DeMarco Murray, RB, Tennessee Titans - Cleveland has the 22nd run defense in the NFL, per Football Outsiders' DVOA and ranks 30th in time of possession per drive. Opposing teams get a ton of opportunities to run at them once they gain a lead and Cleveland fails to post a challenge. DeMarco Murray's 23.4 touches per game rank third behind only Le'Veon Bell and Ezekiel Elliott. This is another prime spot for the veteran back.

Players to fade

Chiefs running backs - I hate to be the "let's see it first" guy, as it's often lazy analysis. Yet, if anyone thinks they know how this backfield split will go, that's strong guesswork by you. It's a prime matchup and both Spencer Ware and Jamaal Charles' values are depressed, but avoid that siren song. This situation is a clear fade until we actually have a clue as to how they split the workload.

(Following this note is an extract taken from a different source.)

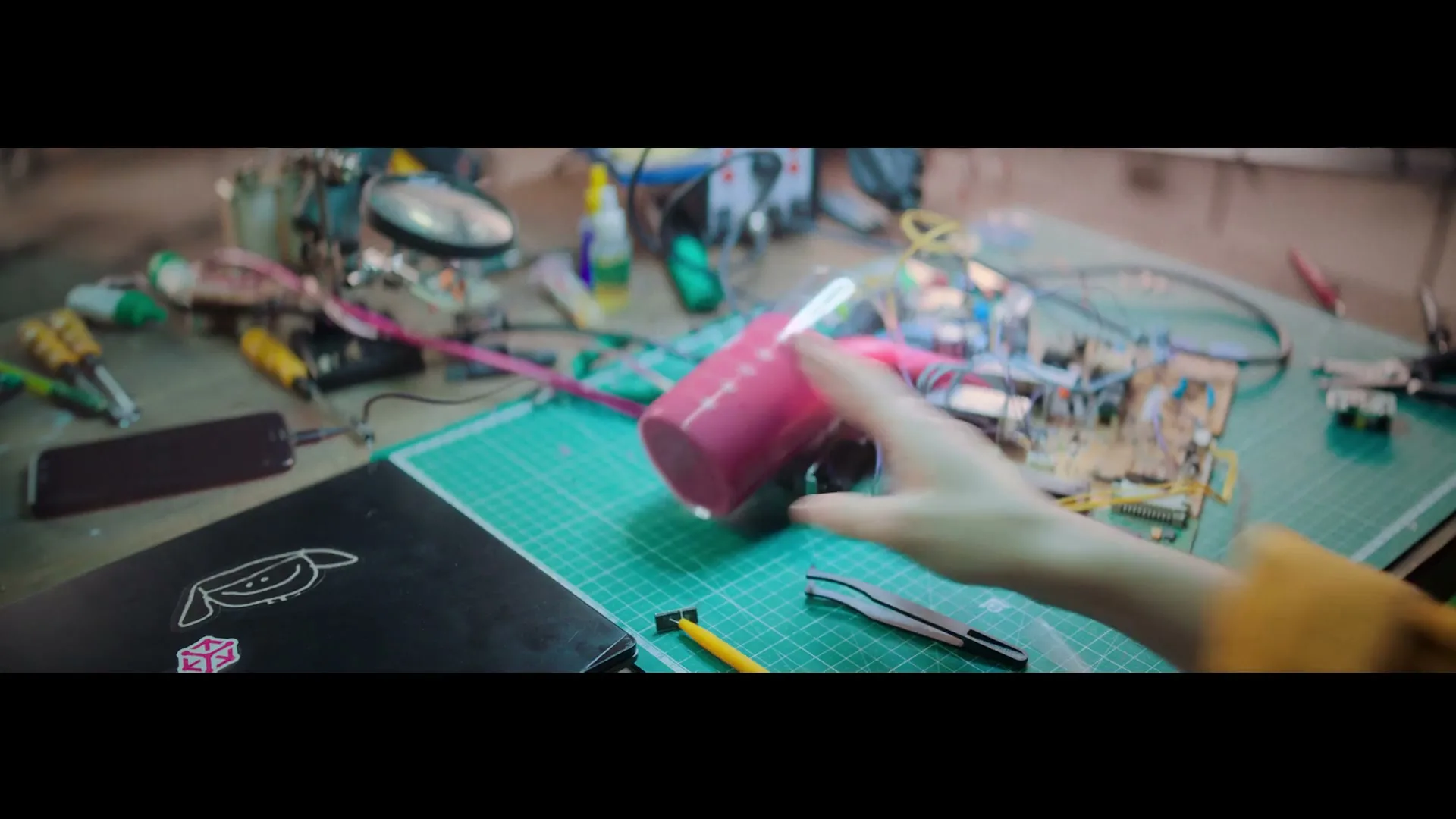A person's hand accidentally knocks over a pink bottle, causing sparks to fly from a circuit board on a cluttered workbench.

The near 100 percent exposure player

Christine Michael, RB, Seattle Seahawks - Christine Michael is a workhorse. He's handled a whopping 45 touches over the last two games while Thomas Rawls sat out. The Falcons are an ideal matchup for opposing running backs, as not only do they allow 4.24 yards per carry, but they're tied for second in the NFL in receptions allowed to running backs. The Seahawks are a heavy home favorite in what could be a messy weather game. That all points back to a top-five running back finish for Michael, who has strangely gone under-discussed this week.

Cheat code of the week

Kamar Aiken, WR, Baltimore Ravens - In one of the worst calls of the fantasy season, I believed Kamar Aiken would sustain the momentum he had last season and be the Ravens leading receiver. That was epically wrong, as Aiken has just six catches for a lowly 28 yards this year. However, with Steve Smith doubtful and Mike Wallace questionable, this could be Aiken's chance to once again get back into the rotation. We know Aiken has ability as he performed admirably as the Ravens top wideout in relief duties last year posting over 900 yards on 127 targets. Aiken plays 62 percent of his snaps in the slot this year and the Giants allowed well over 300 receiving yards out of the slot the last three weeks and helped Randall Cobb get back on track in Week 5 with his first 100-yard game since November 2015.